Researchers have developed a new way to enhances storage efficiency in computers by 100 times using tiny magnetic vortices.

Magnetic fields created by skyrmions in a two-dimensional sheet of material composed of iron, germanium, and tellurium. Credit: Argonne National Laboratory

Magnets are used in computers to store data in computers. By exploiting the direction of the magnetic field (for example, up or down), microscopic bar magnets can each store one bit of memory as a zero or one, which is the basis of computer language.

Researchers have been working on replacing these bar magnets with a more efficient alternative to enhance the device output. They have replaced these bar magnets with tiny magnetic vortices. These vortices, which are as small as billionths of a meter, form in certain magnetic materials and have the potential to bring about a new generation of microelectronics for memory storage in high-performance computers.

Researchers created an artificial intelligence (AI) program to study the skyrmion behavior under different conditions. The AI program works with a high-power electron microscope at the Center for Nanoscale Materials (CNM), a DOE Office of Science user facility at Argonne. The microscope can visualize skyrmions in samples at very low temperatures.

The team’s magnetic material is a mixture of iron, germanium, and tellurium. In structure, this material is like a stack of paper with many sheets. A stack of such sheets contains many skyrmions, and a single sheet can be peeled from the top and analyzed at facilities like CNM. As these samples are cooled  the skyrmion arrangement changes. Like bubbles in beer foam, some skyrmions became larger, some smaller, some merged, and some vanished. At minus 270, the layer reached a state of nearly complete disorder, but the order came back when the temperature returned to minus 60. This order-disorder transition with temperature change could be exploited in future microelectronics for memory storage.

Change of skyrmion groupings from highly ordered to disordered with temperature from -92 F (204 kelvin) to -272 F (104 kelvin).
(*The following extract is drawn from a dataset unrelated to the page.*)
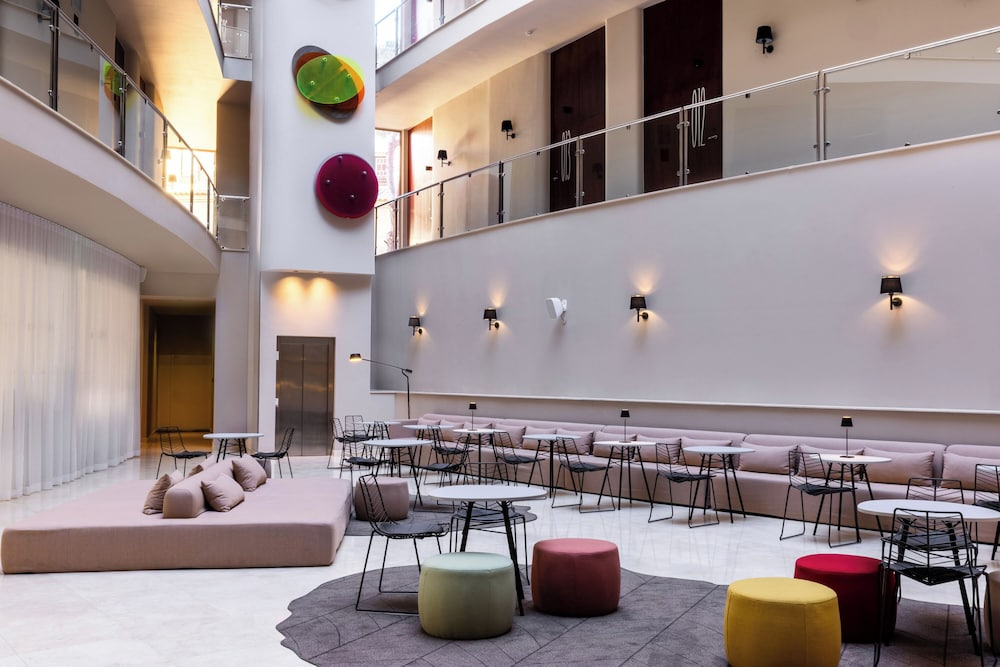 Aqua Pedra dos Bicos Design Beach Hotel - Adults Friendly — Restaurant & bars in Albufeira, Faro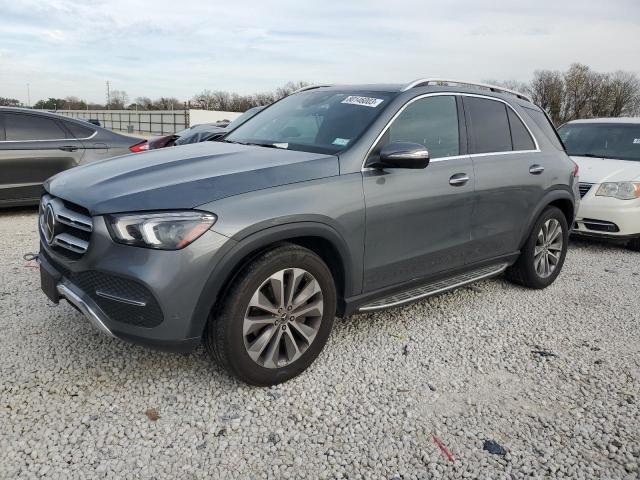 Mercedes-benz Gle-class (2020)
Bright dots indicate order. Credit: Argonne National Laboratory

Researchers estimated the skyrmion energy efficiency could be 100 to 1000 times better than current memory in the high-performance computers used in research. They believe that this kind of radical new way of thinking about microelectronics is key to next-generation devices.

Reference: “Thermal Hysteresis and Ordering Behavior of Magnetic Skyrmion Lattices” by Arthur R. C. McCray, Yue Li, Rabindra Basnet, Krishna Pandey, Jin Hu, Daniel P. Phelan, Xuedan Ma, Amanda K. Petford-Long and Charudatta Phatak, 21 September 2022, Nano Letters.